The "minders" have all vaporized. Minister of Information al-Sahhaf is gone. And suddenly, al-Jazeera has no more propaganda to broadcast; we in the West have been expecting this victory and these scenes of celebration for days now, but for those who get all their information from al-Jazeera and who take al-Sahhaf's words at face value, their world has suddenly gone from a promise of total victory over the infidels to the crushing reality of absolute, near-effortless defeat, in less than 24 hours.

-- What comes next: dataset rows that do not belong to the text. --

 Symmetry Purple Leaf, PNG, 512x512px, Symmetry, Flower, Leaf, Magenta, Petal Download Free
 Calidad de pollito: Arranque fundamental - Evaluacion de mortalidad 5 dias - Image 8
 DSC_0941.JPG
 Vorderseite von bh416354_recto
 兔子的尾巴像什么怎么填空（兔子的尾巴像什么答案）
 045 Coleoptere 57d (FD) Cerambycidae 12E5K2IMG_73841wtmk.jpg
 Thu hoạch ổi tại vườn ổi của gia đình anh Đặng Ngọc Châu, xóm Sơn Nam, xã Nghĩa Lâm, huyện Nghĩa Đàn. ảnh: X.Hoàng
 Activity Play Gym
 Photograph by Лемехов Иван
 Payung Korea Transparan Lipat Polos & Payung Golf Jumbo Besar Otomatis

"The whole world isn't like the US"; I've always known that, but I may not have really felt it until now. I may not have had a context in which to understand just what it means to have to face the reality, one day, that everything you've been told, all your life, from your most trusted information source, the most benevolent and compassionate and authoritative father figure(s) in the world, has been a lie.

I'm trying to figure out how it is that an entire swath of people can be trained so deeply and effectively to shut out reality, to believe in the most transparent and insane of propaganda, when there is so much counterevidence immediately available to anyone who chooses to look. What we're seeing here is the same state of mind that allows people to listen to imams who shriek for Allah to freeze the blood in the Americans' veins and believe that that represents the best and only positive future for the world.

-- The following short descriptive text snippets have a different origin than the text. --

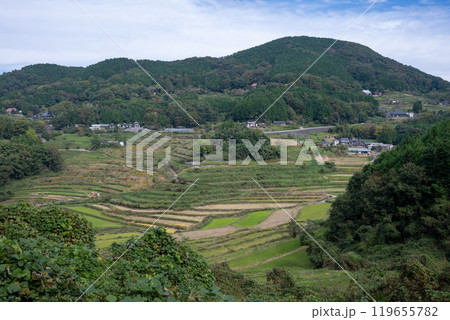 日本の岡山県久米郡美咲町の美しい大垪和西の棚田 日本の岡山県久米郡美咲町の美しい大垪和西の棚田 119655782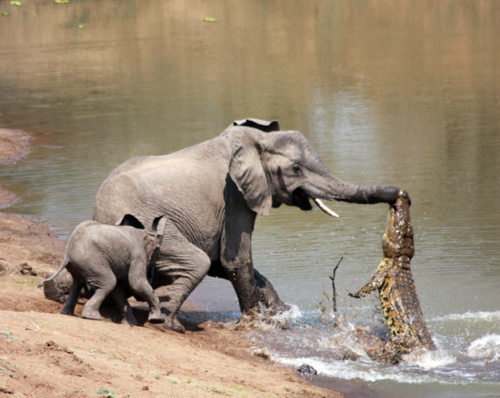 earth-song:  8 ominously vicious animal photos These images and their captions are all taken from The Telegraph’s 2010 Animal Pictures of the Year. 1- A mouse looks out from the jaws of a huge voracious African bullfrog. These carnivorous amphibians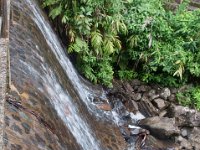 DSC_5543 El Yunque National Forest -- A trip to Puerto Rico -- 18 March 2017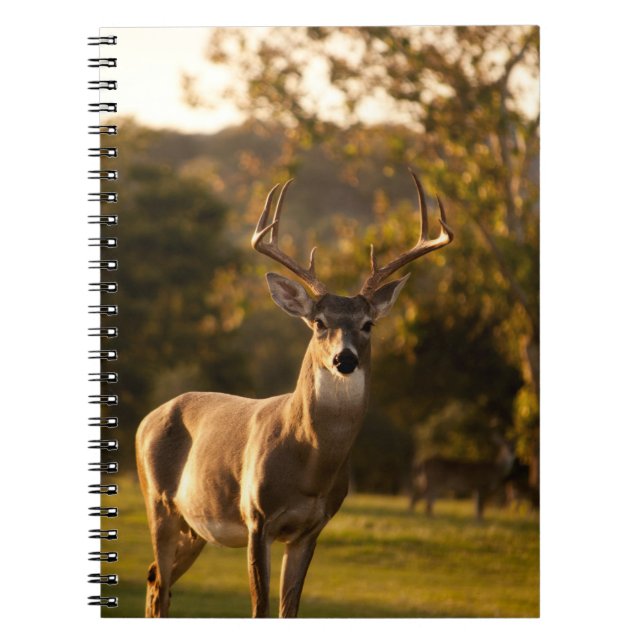 Cuaderno Deer Notebook / Journal (Frente)
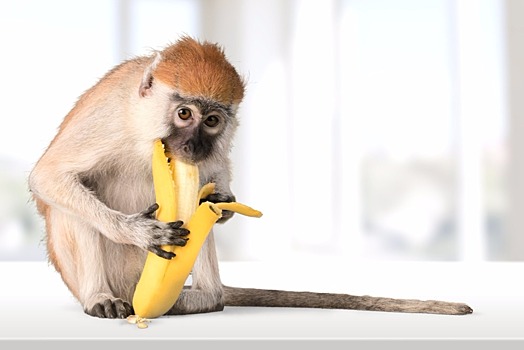 Сложная еда увеличила мозг приматов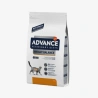 catalogue_background (57).webp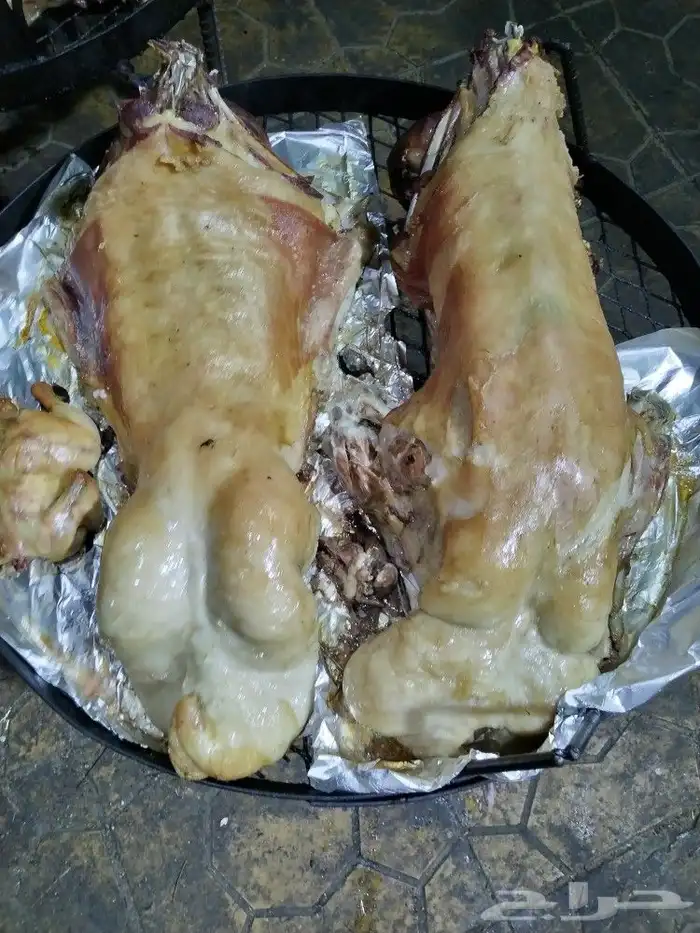 طبخ ولائم ( زواج. خطوبة. تخرج. اي مناسبة ) 5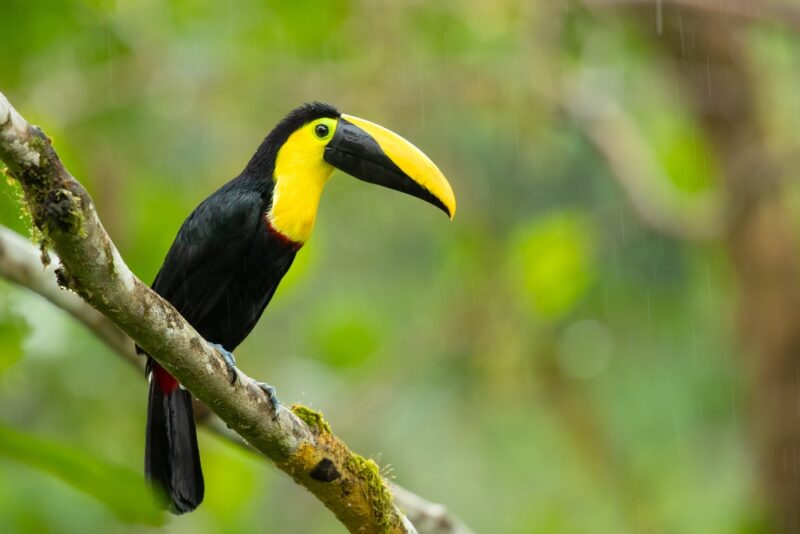 choco toucan on brand in the cloud forests of Ecuador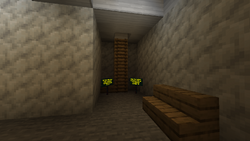 Level 0, Chessy's Minecraft:Backrooms Wiki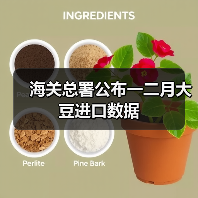 海关总署公布一二月大豆进口数据(图4) 海关总署公布一二月大豆进口数据(图4)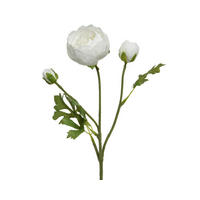 Ranunculus - Basics (10,00/5,00/51,00cm)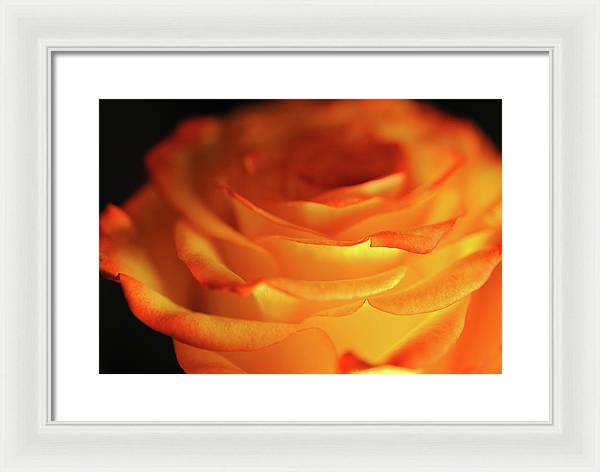 Orange Rose Close Up - Framed Print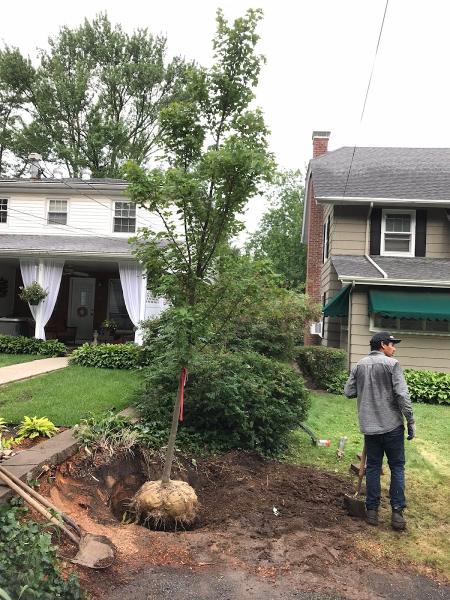 Four Seasons Tree & Landscaping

"Freedom" is one of those words that has been tinged with cynicism, more so every time we put it in the name of some food or sexual device, or every time we talk to a contemptuous European. But we never really do get a sense here of just how much we take that simple concept for granted, and what it means to the people in these pictures, and how alien it is to those glued to their TVs waiting vainly for the next reassurance from the Information Minister. A simple concept, but really not all that common in the world today. The freedom to know.

Many seem not only to not know of other viewpoints, but not to want to know of other viewpoints. It's a bizarre kind of creation of reality through selectively allowing only certain bits of information in through the eyes and ears. It seems a whole lot of people, in fact, like it that way.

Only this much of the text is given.